# [Directions]
In the data below, find the line containing "appartamento in vendita" and the line containing "Blue Jackets’ Sillinger", then reproduce them and every line between, exactly. Omit pictures.

# [Materials provided]
((
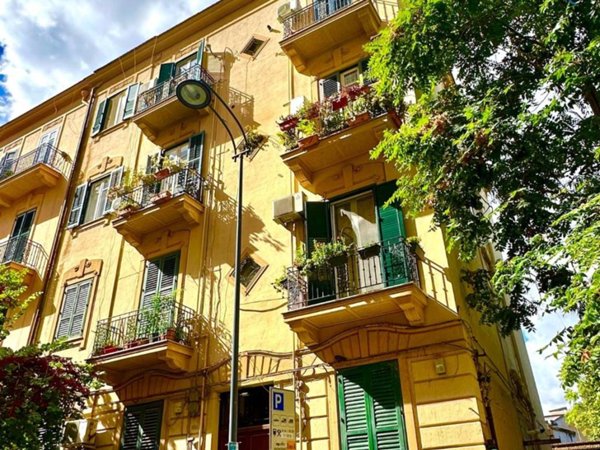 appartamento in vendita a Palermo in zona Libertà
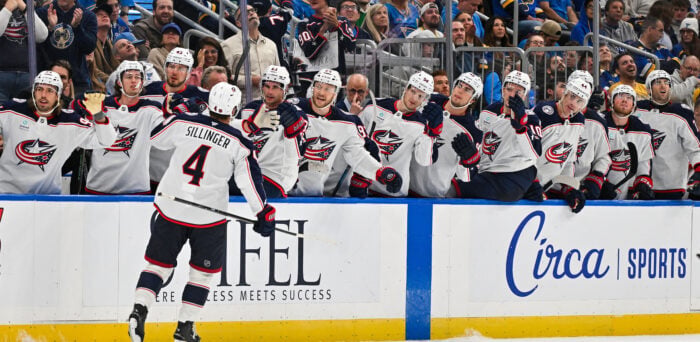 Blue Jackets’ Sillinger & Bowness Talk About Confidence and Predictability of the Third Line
))
((
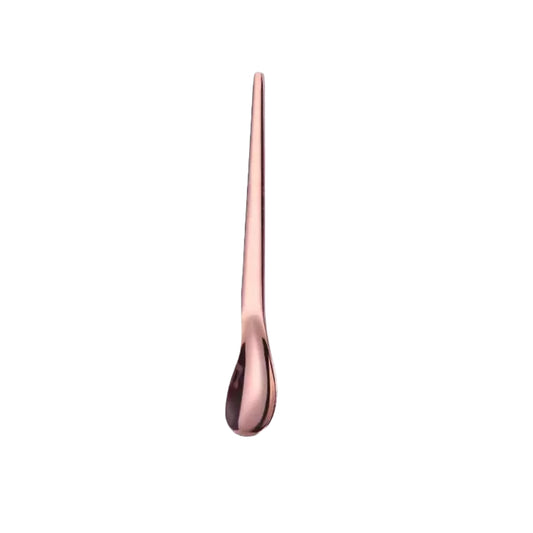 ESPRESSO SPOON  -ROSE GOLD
))
((
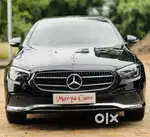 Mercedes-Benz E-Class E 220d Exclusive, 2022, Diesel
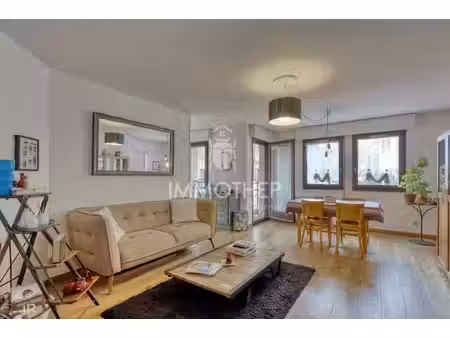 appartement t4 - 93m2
))
# [Exercise solution]
 appartamento in vendita a Palermo in zona Libertà
 Blue Jackets’ Sillinger & Bowness Talk About Confidence and Predictability of the Third Line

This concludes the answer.